Increase Your Trust Distributions With A Unitrust Conversion

If you are a beneficiary of a trust that requires income to be distributed to you, you may be able to increase your trust distributions by taking advantage of a new Tennessee law that will become effective on July 1, 2010. Section 21 of Public Chapter No. 725 of the Tennessee Public Acts of 2010 authorizes a trustee of a trust that requires mandatory distributions of net income to convert the trust to a total return unitrust.

The effect of a conversion is to change the trust distributions from “income” to a fixed percentage of the value of the trust. Assume that your trust has $1 million of assets and generates net income of $25,000 per year. If the trust is converted to a 4% unitrust, your distributions will increase to $40,000.

The fixed percentage must be between three percent (3%) and five percent (5%). Ideally, the income and remainder beneficiaries of the trust will agree to the percentage in advance. If the beneficiaries fail to agree in advance, the trustee will either not make the conversion or will choose the percentage on its own.

The conversion can be made without a court proceding if certain procedures are followed. If the Trustee is not “disinterested,” the Trustee must appoint a disinterested person to determine the unitrust percentage, the method to be used in determining the fair market value of the trust, and which assets are to be excluded in determining the unitrust amount. The trustee must send written notice of the proposed conversion to all qualified beneficiaries of the trust and not receive an objection within thirty (30) days. If a beneficiary objects, the Trustee can petition the Court to approve the conversion.

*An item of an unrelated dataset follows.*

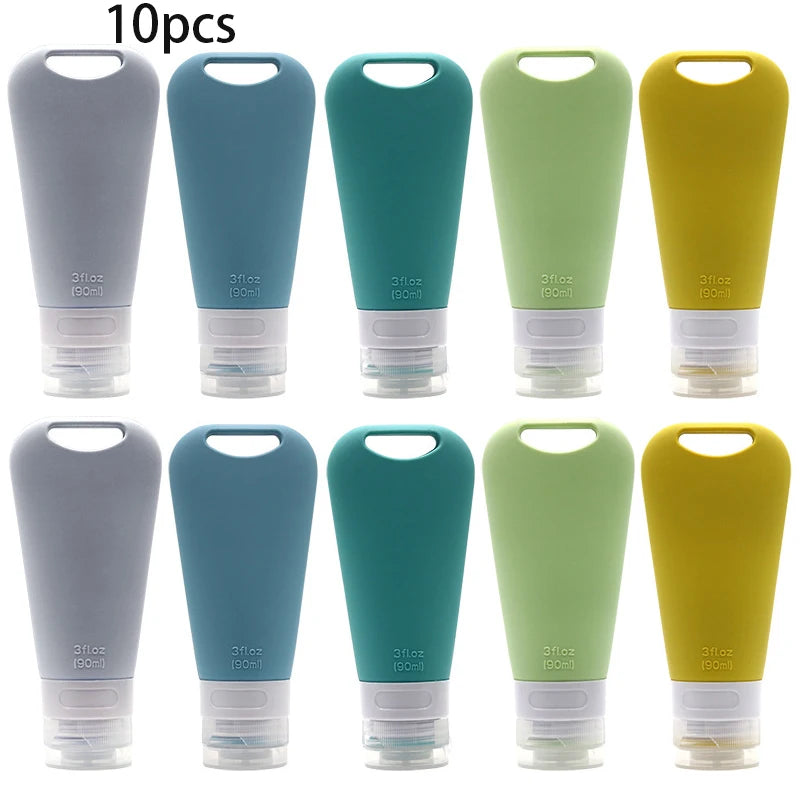 Mini Travel Bottles Set for Toiletries, Leakproof and TSA Approved Dispenser
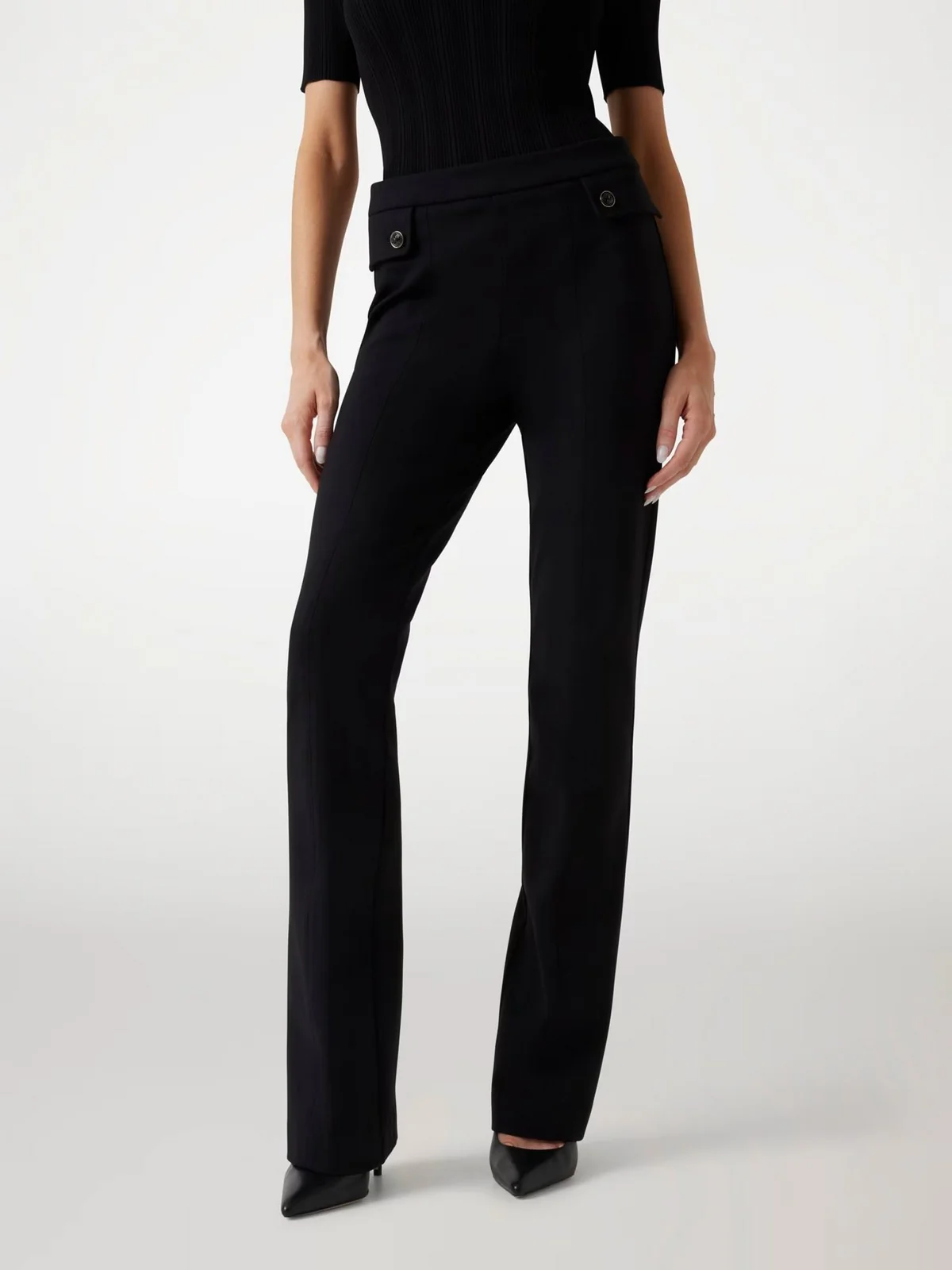 MARCIANO Pantalone Donna GWEN CIGARETTE PANTS 5YGB10 7160A JBLK Jet Black A996 - Image 2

The main benefit of making a conversion is to eliminate an inherent conflict of interest between the income and remainder beneficiaries. With an all income trust, the income beneficiaries generally want the trustee to purchase investments that generate a lot of income and remainder beneficiaries want the Trustee to purchase assets that will appreciate in value. As a general rule, high income investments do not appreciate as much in value. When payments to the income beneficiary are dependent on the value of the trust rather than income received, the income beneficiary prefers for the trustee to maintain an investment policy that results in growth of the value of the trust over time. Growth will increase distributions to the income beneficiary and will also benefit the remainder beneficiaries of the trust.